Un peintre à part : admirateur à la fois des couleurs de Gauguin et des aplats de Hiroshige, il est le « Nabi japonard » au côté notamment de son ami Vuillard mais reste néanmoins à l’écart des mouvements d’avant-garde, préférant faire œuvre originale et solitaire, ce qui ne l’empêche pas de fréquenter Monet en Normandie et surtout Matisse au Canet, et de partager une réelle connivence artistique avec les jardins naturels de l’un et les fenêtres ouvertes sur le paysage de l’autre.
Une peinture d’une modernité éblouissante, dynamitant par la couleur la vision de la lumière et de l’espace, reconnue par Matisse et plus tard par des Rothko, Diebenkorn, et bien d’autres.
La couleur est essentielle : couleurs vives souvent pures, primaires et complémentaires sans souci de réalisme, parfois à la limite de l’abstraction ; la profondeur créée exclusivement par le contraste des couleurs et non par la différence de valeur ; l’inversion inhabituelle des couleurs, les froides en premier plan ; et surtout ses jaunes de cadmium éclatants et ses violets de cobalt envoûtants devenues sa marque de fabrique.
La composition, forte, est surprenante : éclatement du sujet multipliant les points de focalisation ; relèvement des fonds supprimant la perspective, ajoutant à l’ambiguïté entre intérieur et extérieur, le paysage étant dans le même plan que la porte ou la fenêtre ; imbrication de la forme et du fond créant une subtile vibration, la lumière glissant de l’une à l’autre rendant les contours insaisissables ; cadrage photographique insolite d’images tronquées, reflets dans l’eau, dans les miroirs, jeu constant entre le montré et le caché.

Hors de son temps
La création est un long processus de maturation : des photos instantanées et croquis dessinés et annotés, au travail en atelier en grande partie de mémoire afin de préserver l’émotion originelle, aux constantes reprises parfois plusieurs années après la vente.
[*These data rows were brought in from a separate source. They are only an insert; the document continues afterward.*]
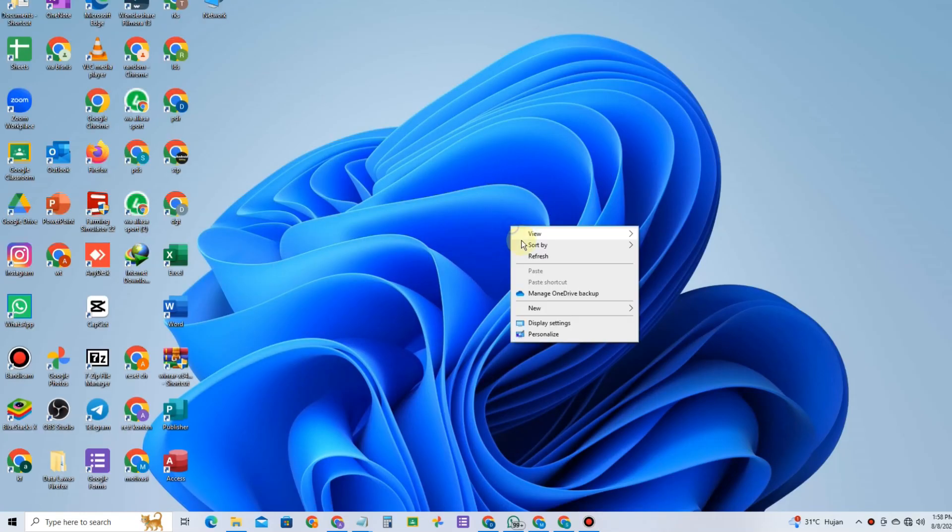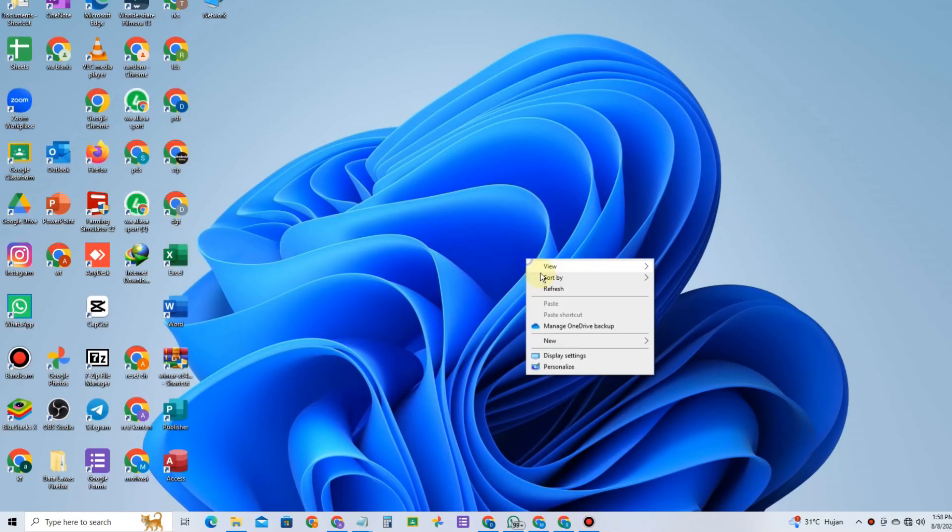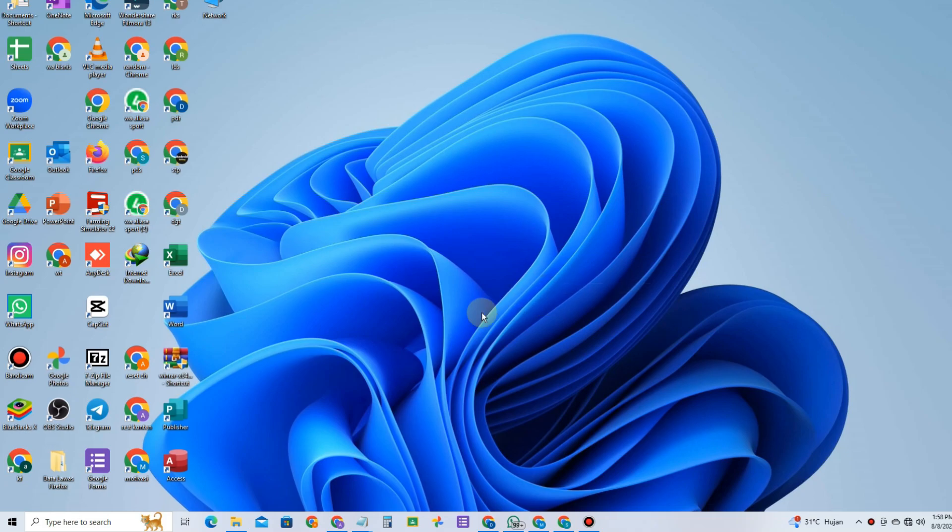Hello everyone, in this video I will share with you how to open control panel in Windows 10 and make a control panel desktop shortcut in Windows 10.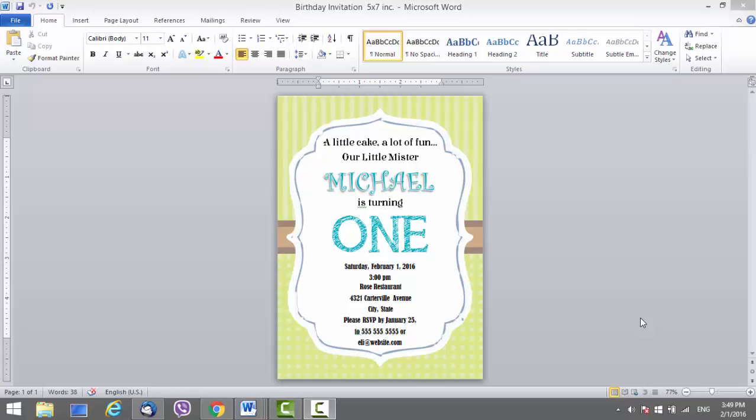Hi guys, welcome to our new birthday invitation template made for Microsoft Word. This video is made as an instructional video for those that already got this template, but if you found it on YouTube, follow the link in the description where you can get this template.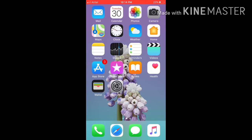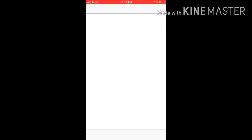Hello friends, welcome to my YouTube channel. Today I am going to show you how to hide photos or videos in your iPhone. First of all, go to your Photos app.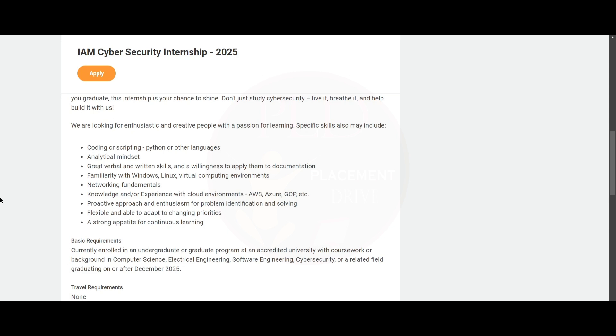And here is the basic requirement for this role: you should be currently enrolled in an undergraduate or graduate program at an accredited university with coursework or background in computer science, electrical engineering, software engineering, cyber security, or a related field, graduating on or after December 2025.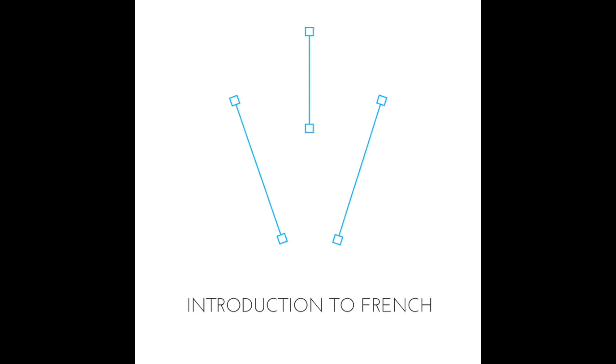For feminine nouns like 'la baguette', 'la bicyclette', 'la situation', 'la porte', we have 'une'. Une. And this is spelled U-N-E.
La thématique est limitée à des sujets domestiques et intimes, presque intemporels, issus d’un environnement immédiat dont il explore inlassablement l’ambiguïté, entre sérénité apparente et tension, entre retenue et vivacité : les intérieurs bourgeois et la réalité domestique banale ; le paysage, jardin naturel ou échappées visuelles ; l’autoportrait introspectif ; le corps et sa nudité, la femme (la sienne, Marthe) austère ou sensuelle ; l’obsession du bain, comme le montre aussi actuellement l’exposition « La toilette, naissance de l’intime » au musée Marmottan.
Un peintre hors de son temps en retrait de la vie sociale et politique, ce qui lui a été longtemps reproché. Longtemps boudé comme « peintre du bonheur » bourgeois et décoratif par ceux qui ne savent pas voir cette fausse sérénité émanant de ses intérieurs bourgeois à la manière de Marcel Proust, la retenue et le non-dit, la solitude voire l’enfermement qu’évoquent la présence trouble de Marthe, l’angoisse des magnifiques autoportraits tourmentés au crayon et gouache.
Rien de spécialement bourgeois dans sa quête d’Arcadie, cette méditation philosophique à laquelle il nous invite : une simple fenêtre ouvrant sur un jardin, l’ombre d’une femme, une flaque de soleil ? À vérifier aussi au musée Bonnard au Canet.